= Exercise goal =
Exact wording is required for every entry; transcribe all of them and leave the images out.

= Material provided =
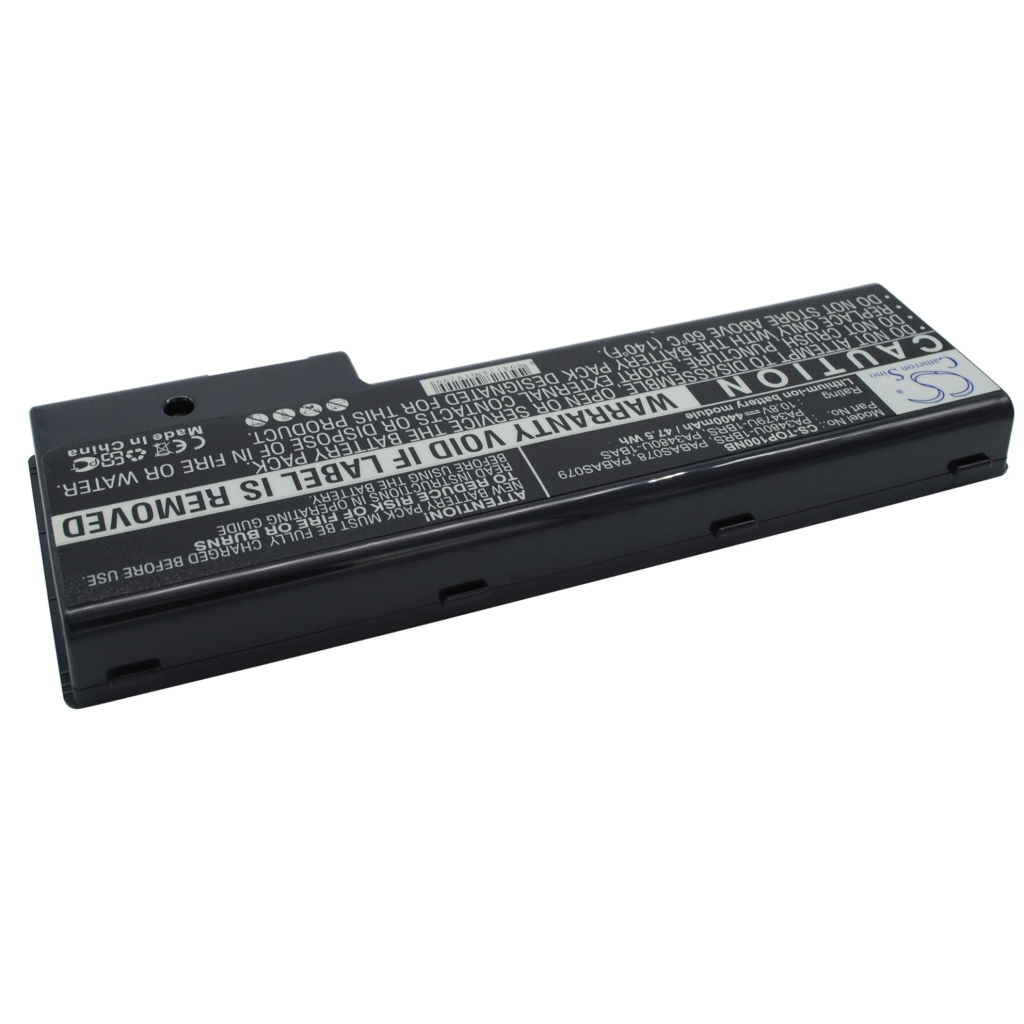 Notebook battery Toshiba Satellite P105-S6012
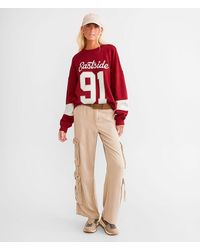 Modish Rebel - Eastside Varsity Oversized Pullover - Lyst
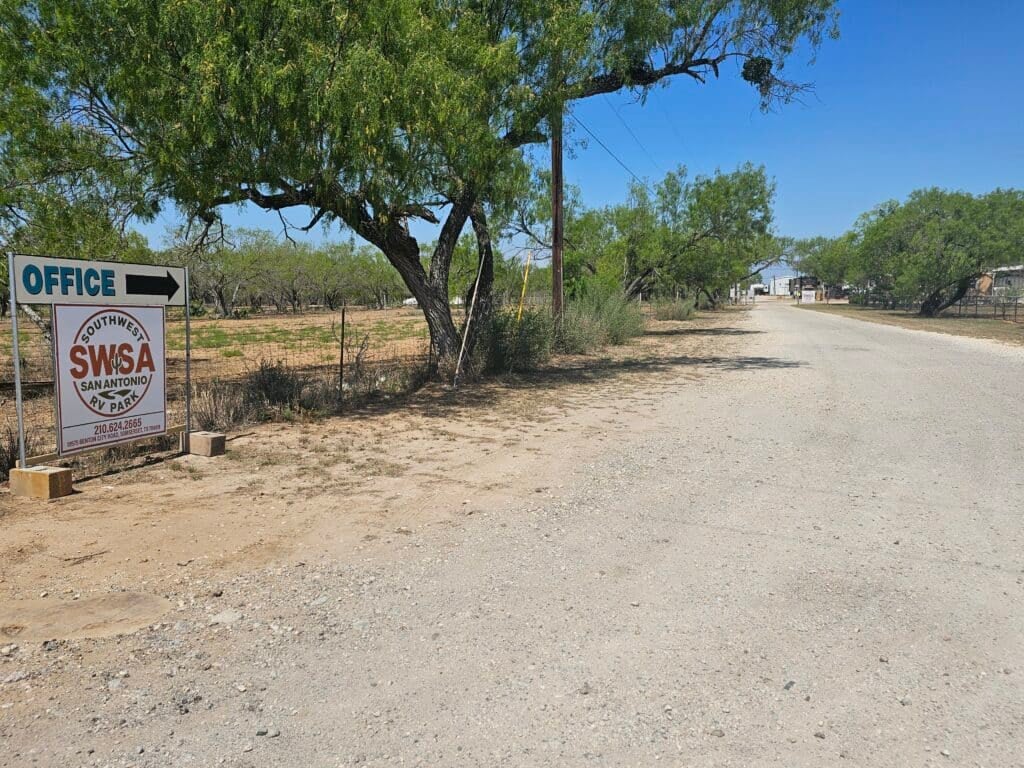 campground in Somerset tx
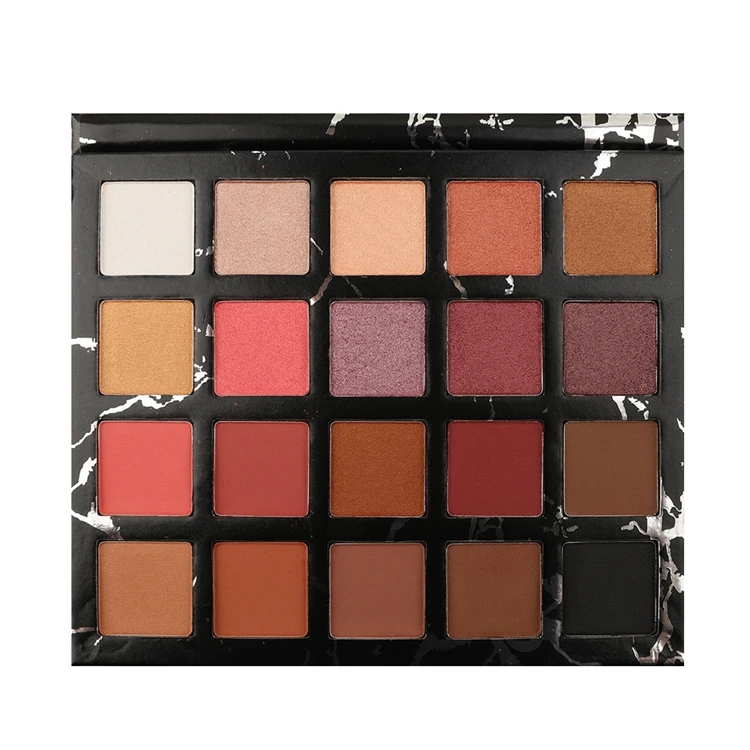 Beauty CosmeticsNEW Product China Suppliers Factory Directly Face Makeup No Brand 35 color eyeshadow palette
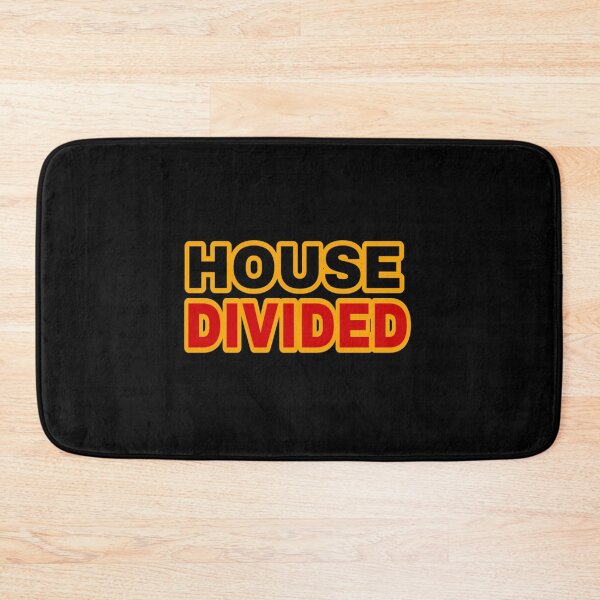 Item preview, House Divided          designed and sold by PenXGift.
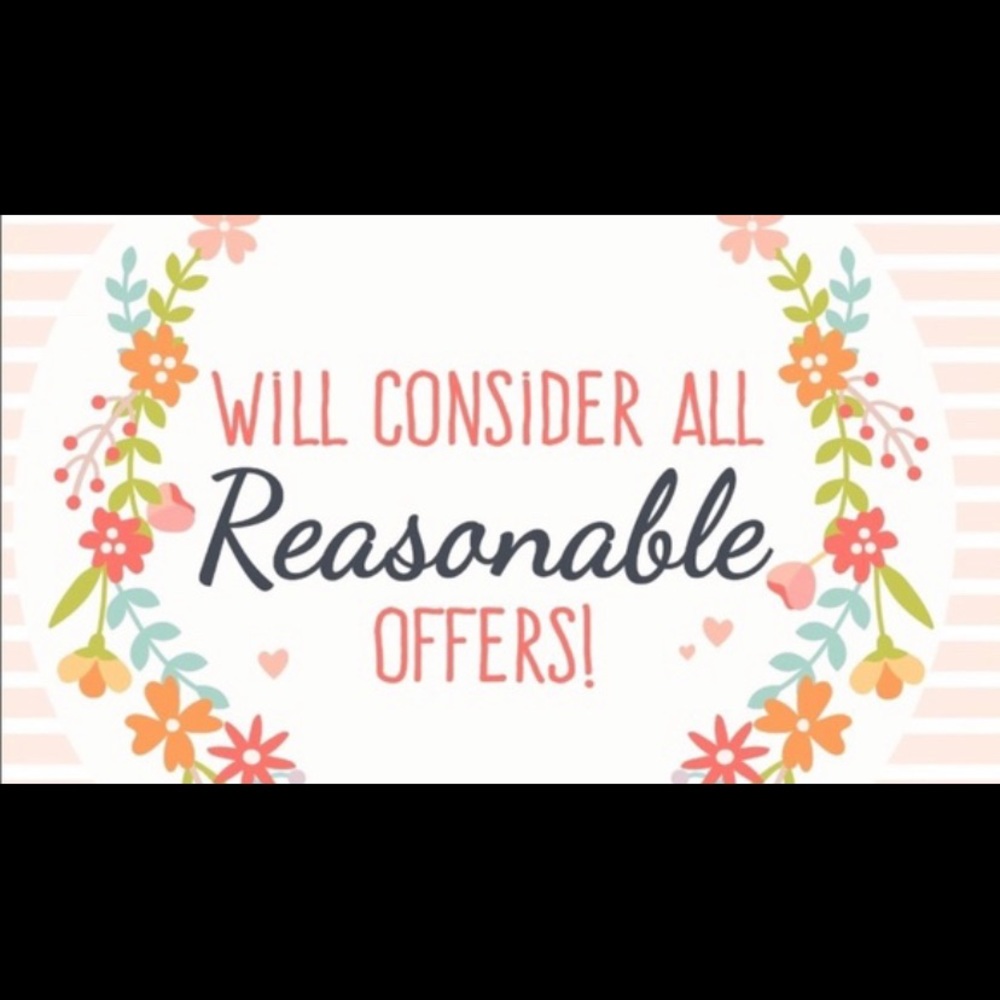 Make me an offer!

= Result of the task =
 Notebook battery Toshiba Satellite P105-S6012
 Modish Rebel - Eastside Varsity Oversized Pullover - Lyst
 campground in Somerset tx
 Beauty CosmeticsNEW Product China Suppliers Factory Directly Face Makeup No Brand 35 color eyeshadow palette
 Item preview, House Divided          designed and sold by PenXGift.
 Make me an offer!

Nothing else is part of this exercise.